START Given entries
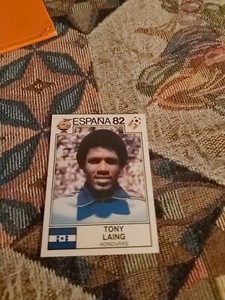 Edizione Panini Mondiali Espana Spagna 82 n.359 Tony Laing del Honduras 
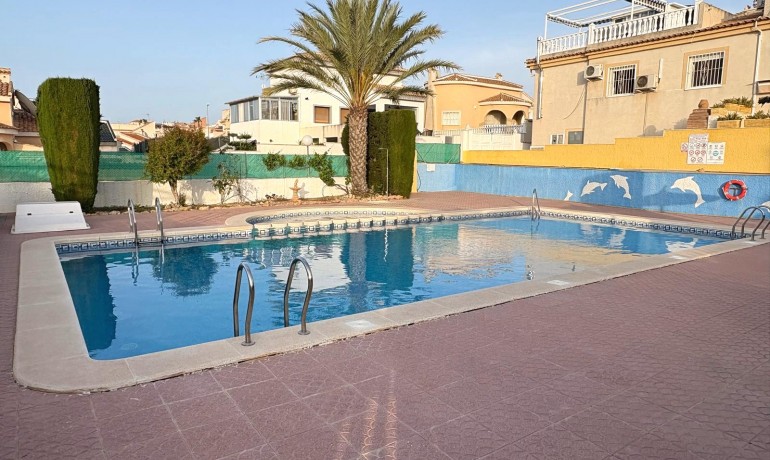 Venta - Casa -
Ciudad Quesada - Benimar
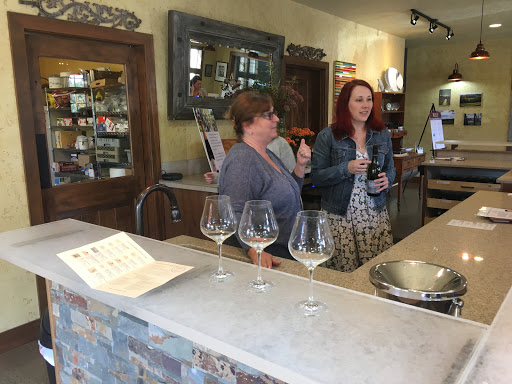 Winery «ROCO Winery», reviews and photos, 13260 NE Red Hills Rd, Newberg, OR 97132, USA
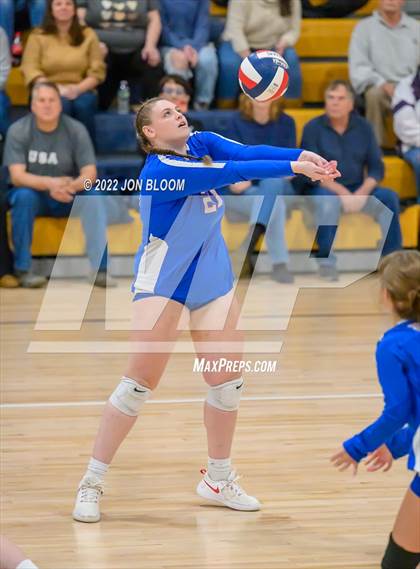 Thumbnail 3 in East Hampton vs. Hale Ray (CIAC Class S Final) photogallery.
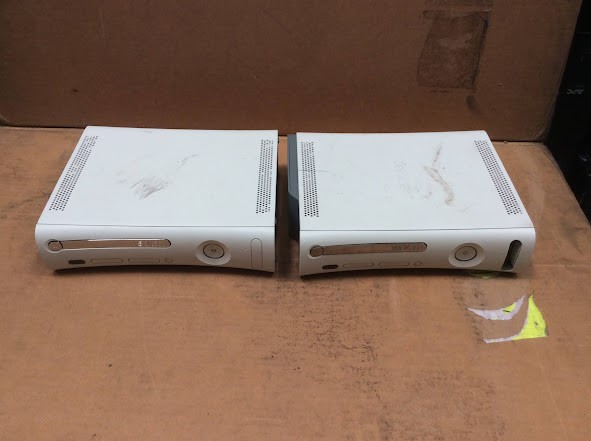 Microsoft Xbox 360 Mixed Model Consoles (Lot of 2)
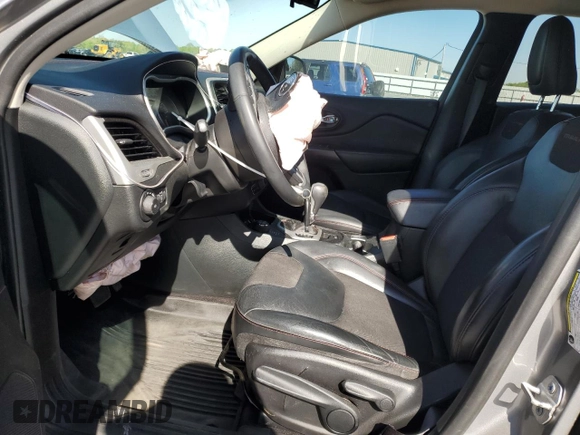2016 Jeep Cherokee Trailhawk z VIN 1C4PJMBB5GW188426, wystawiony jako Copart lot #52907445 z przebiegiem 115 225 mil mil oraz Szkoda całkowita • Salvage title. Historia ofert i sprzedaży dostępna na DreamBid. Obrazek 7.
END Given entries
START Given entries
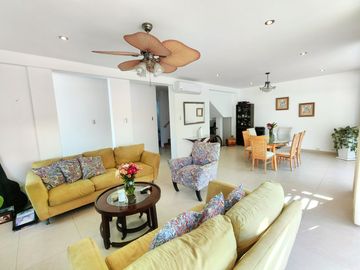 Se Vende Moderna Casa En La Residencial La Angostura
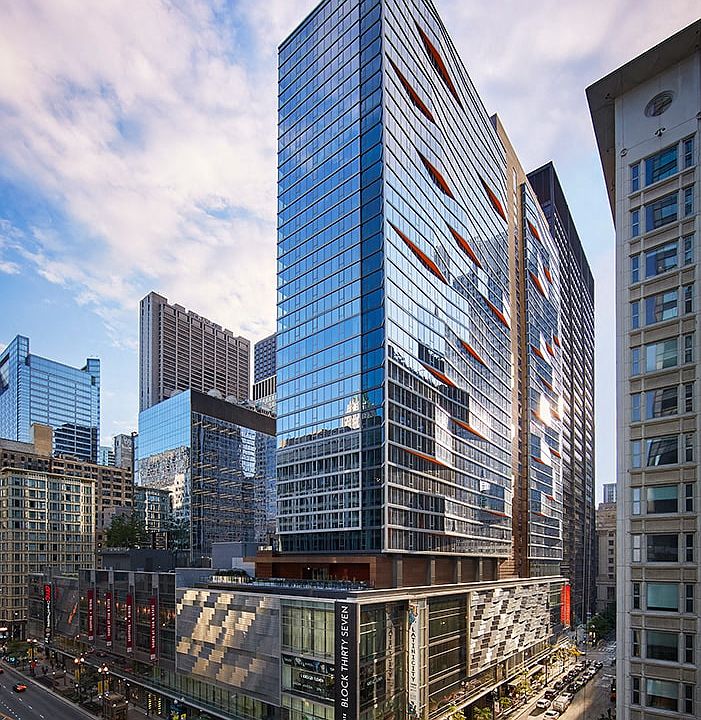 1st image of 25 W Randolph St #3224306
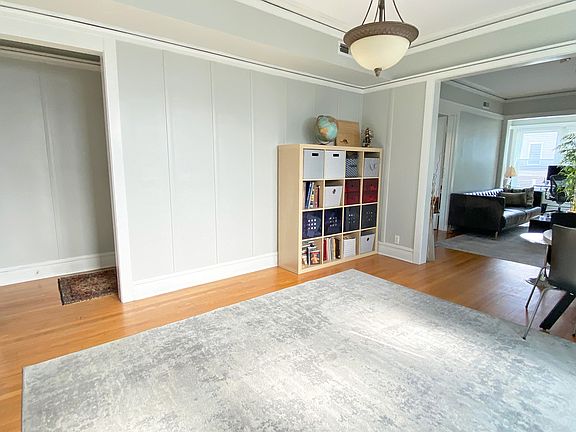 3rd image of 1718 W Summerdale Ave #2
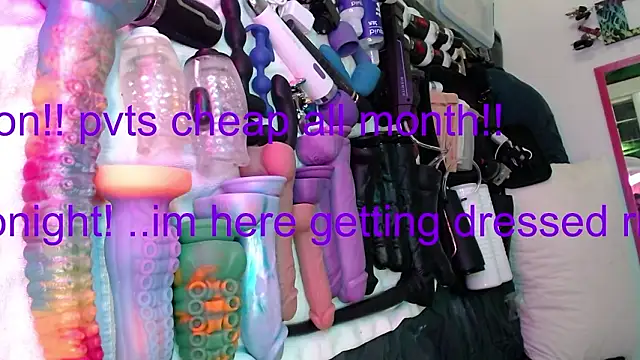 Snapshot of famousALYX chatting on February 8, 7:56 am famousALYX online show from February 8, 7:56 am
END Given entries
START Given entries
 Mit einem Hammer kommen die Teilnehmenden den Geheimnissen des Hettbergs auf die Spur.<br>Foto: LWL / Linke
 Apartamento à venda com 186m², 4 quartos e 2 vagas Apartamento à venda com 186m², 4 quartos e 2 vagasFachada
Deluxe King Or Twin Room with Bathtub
END Given entries
Set down, exactly as written above, each line from the one with "Edizione Panini Mondiali" through the one with "2016 Jeep Cherokee", and skip the pictures.

 Edizione Panini Mondiali Espana Spagna 82 n.359 Tony Laing del Honduras 
 Venta - Casa -
Ciudad Quesada - Benimar
 Winery «ROCO Winery», reviews and photos, 13260 NE Red Hills Rd, Newberg, OR 97132, USA
 Thumbnail 3 in East Hampton vs. Hale Ray (CIAC Class S Final) photogallery.
 Microsoft Xbox 360 Mixed Model Consoles (Lot of 2)
2016 Jeep Cherokee Trailhawk z VIN 1C4PJMBB5GW188426, wystawiony jako Copart lot #52907445 z przebiegiem 115 225 mil mil oraz Szkoda całkowita • Salvage title. Historia ofert i sprzedaży dostępna na DreamBid. Obrazek 7.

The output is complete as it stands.